▶ [DATASET EXTRACT]:
--- --- ---
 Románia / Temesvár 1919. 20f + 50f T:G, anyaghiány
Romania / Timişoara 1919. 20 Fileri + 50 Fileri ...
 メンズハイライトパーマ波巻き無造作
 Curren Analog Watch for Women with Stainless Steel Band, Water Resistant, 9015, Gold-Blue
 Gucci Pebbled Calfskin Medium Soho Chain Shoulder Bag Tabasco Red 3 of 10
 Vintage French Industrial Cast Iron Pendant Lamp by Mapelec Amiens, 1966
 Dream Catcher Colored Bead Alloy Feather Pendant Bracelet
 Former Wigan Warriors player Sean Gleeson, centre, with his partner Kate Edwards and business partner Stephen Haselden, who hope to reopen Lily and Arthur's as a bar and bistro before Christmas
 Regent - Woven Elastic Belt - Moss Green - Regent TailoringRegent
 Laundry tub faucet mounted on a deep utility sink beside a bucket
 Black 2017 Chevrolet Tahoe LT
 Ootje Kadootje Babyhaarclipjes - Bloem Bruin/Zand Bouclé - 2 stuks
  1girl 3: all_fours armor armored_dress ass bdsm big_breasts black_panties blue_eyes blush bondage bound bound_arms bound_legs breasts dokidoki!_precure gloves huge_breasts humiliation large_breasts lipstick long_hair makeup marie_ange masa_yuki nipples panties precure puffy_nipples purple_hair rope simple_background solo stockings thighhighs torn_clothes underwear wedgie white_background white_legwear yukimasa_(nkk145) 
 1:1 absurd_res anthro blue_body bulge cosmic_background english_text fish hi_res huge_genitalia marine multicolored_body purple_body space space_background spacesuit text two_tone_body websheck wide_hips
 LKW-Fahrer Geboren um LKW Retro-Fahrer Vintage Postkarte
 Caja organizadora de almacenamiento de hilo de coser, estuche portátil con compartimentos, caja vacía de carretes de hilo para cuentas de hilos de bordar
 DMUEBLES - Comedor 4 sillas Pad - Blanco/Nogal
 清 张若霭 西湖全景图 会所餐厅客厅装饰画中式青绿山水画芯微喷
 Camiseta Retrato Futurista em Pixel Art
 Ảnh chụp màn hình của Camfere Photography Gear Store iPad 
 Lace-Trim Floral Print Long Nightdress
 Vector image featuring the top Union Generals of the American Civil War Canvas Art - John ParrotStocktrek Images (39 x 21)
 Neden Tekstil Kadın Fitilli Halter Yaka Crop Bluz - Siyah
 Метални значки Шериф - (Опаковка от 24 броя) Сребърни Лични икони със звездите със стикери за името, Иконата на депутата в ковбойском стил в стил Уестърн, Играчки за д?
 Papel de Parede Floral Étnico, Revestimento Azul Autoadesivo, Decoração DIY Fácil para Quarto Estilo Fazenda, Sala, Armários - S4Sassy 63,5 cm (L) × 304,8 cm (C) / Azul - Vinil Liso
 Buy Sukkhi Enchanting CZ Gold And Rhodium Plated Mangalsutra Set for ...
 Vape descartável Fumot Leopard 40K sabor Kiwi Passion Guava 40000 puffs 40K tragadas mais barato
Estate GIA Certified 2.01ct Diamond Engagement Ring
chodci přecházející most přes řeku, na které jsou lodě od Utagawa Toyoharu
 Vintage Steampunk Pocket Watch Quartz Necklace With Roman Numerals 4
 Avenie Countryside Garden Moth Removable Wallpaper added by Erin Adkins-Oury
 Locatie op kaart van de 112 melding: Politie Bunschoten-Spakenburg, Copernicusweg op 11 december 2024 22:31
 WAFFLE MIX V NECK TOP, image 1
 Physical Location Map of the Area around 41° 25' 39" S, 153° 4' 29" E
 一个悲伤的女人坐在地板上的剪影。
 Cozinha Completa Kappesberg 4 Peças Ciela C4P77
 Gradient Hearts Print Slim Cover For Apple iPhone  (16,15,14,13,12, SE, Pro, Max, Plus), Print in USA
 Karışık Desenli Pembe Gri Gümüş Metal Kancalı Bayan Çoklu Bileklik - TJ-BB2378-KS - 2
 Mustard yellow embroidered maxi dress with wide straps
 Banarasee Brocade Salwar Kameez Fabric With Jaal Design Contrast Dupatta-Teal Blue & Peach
--- --- ---
The full listing has to be duplicated exactly.

 Románia / Temesvár 1919. 20f + 50f T:G, anyaghiány
Romania / Timişoara 1919. 20 Fileri + 50 Fileri ...
 メンズハイライトパーマ波巻き無造作
 Curren Analog Watch for Women with Stainless Steel Band, Water Resistant, 9015, Gold-Blue
 Gucci Pebbled Calfskin Medium Soho Chain Shoulder Bag Tabasco Red 3 of 10
 Vintage French Industrial Cast Iron Pendant Lamp by Mapelec Amiens, 1966
 Dream Catcher Colored Bead Alloy Feather Pendant Bracelet
 Former Wigan Warriors player Sean Gleeson, centre, with his partner Kate Edwards and business partner Stephen Haselden, who hope to reopen Lily and Arthur's as a bar and bistro before Christmas
 Regent - Woven Elastic Belt - Moss Green - Regent TailoringRegent
 Laundry tub faucet mounted on a deep utility sink beside a bucket
 Black 2017 Chevrolet Tahoe LT
 Ootje Kadootje Babyhaarclipjes - Bloem Bruin/Zand Bouclé - 2 stuks
  1girl 3: all_fours armor armored_dress ass bdsm big_breasts black_panties blue_eyes blush bondage bound bound_arms bound_legs breasts dokidoki!_precure gloves huge_breasts humiliation large_breasts lipstick long_hair makeup marie_ange masa_yuki nipples panties precure puffy_nipples purple_hair rope simple_background solo stockings thighhighs torn_clothes underwear wedgie white_background white_legwear yukimasa_(nkk145) 
 1:1 absurd_res anthro blue_body bulge cosmic_background english_text fish hi_res huge_genitalia marine multicolored_body purple_body space space_background spacesuit text two_tone_body websheck wide_hips
 LKW-Fahrer Geboren um LKW Retro-Fahrer Vintage Postkarte
 Caja organizadora de almacenamiento de hilo de coser, estuche portátil con compartimentos, caja vacía de carretes de hilo para cuentas de hilos de bordar
 DMUEBLES - Comedor 4 sillas Pad - Blanco/Nogal
 清 张若霭 西湖全景图 会所餐厅客厅装饰画中式青绿山水画芯微喷
 Camiseta Retrato Futurista em Pixel Art
 Ảnh chụp màn hình của Camfere Photography Gear Store iPad 
 Lace-Trim Floral Print Long Nightdress
 Vector image featuring the top Union Generals of the American Civil War Canvas Art - John ParrotStocktrek Images (39 x 21)
 Neden Tekstil Kadın Fitilli Halter Yaka Crop Bluz - Siyah
 Метални значки Шериф - (Опаковка от 24 броя) Сребърни Лични икони със звездите със стикери за името, Иконата на депутата в ковбойском стил в стил Уестърн, Играчки за д?
 Papel de Parede Floral Étnico, Revestimento Azul Autoadesivo, Decoração DIY Fácil para Quarto Estilo Fazenda, Sala, Armários - S4Sassy 63,5 cm (L) × 304,8 cm (C) / Azul - Vinil Liso
 Buy Sukkhi Enchanting CZ Gold And Rhodium Plated Mangalsutra Set for ...
 Vape descartável Fumot Leopard 40K sabor Kiwi Passion Guava 40000 puffs 40K tragadas mais barato
Estate GIA Certified 2.01ct Diamond Engagement Ring
chodci přecházející most přes řeku, na které jsou lodě od Utagawa Toyoharu
 Vintage Steampunk Pocket Watch Quartz Necklace With Roman Numerals 4
 Avenie Countryside Garden Moth Removable Wallpaper added by Erin Adkins-Oury
 Locatie op kaart van de 112 melding: Politie Bunschoten-Spakenburg, Copernicusweg op 11 december 2024 22:31
 WAFFLE MIX V NECK TOP, image 1
 Physical Location Map of the Area around 41° 25' 39" S, 153° 4' 29" E
 一个悲伤的女人坐在地板上的剪影。
 Cozinha Completa Kappesberg 4 Peças Ciela C4P77
 Gradient Hearts Print Slim Cover For Apple iPhone  (16,15,14,13,12, SE, Pro, Max, Plus), Print in USA
 Karışık Desenli Pembe Gri Gümüş Metal Kancalı Bayan Çoklu Bileklik - TJ-BB2378-KS - 2
 Mustard yellow embroidered maxi dress with wide straps
 Banarasee Brocade Salwar Kameez Fabric With Jaal Design Contrast Dupatta-Teal Blue & Peach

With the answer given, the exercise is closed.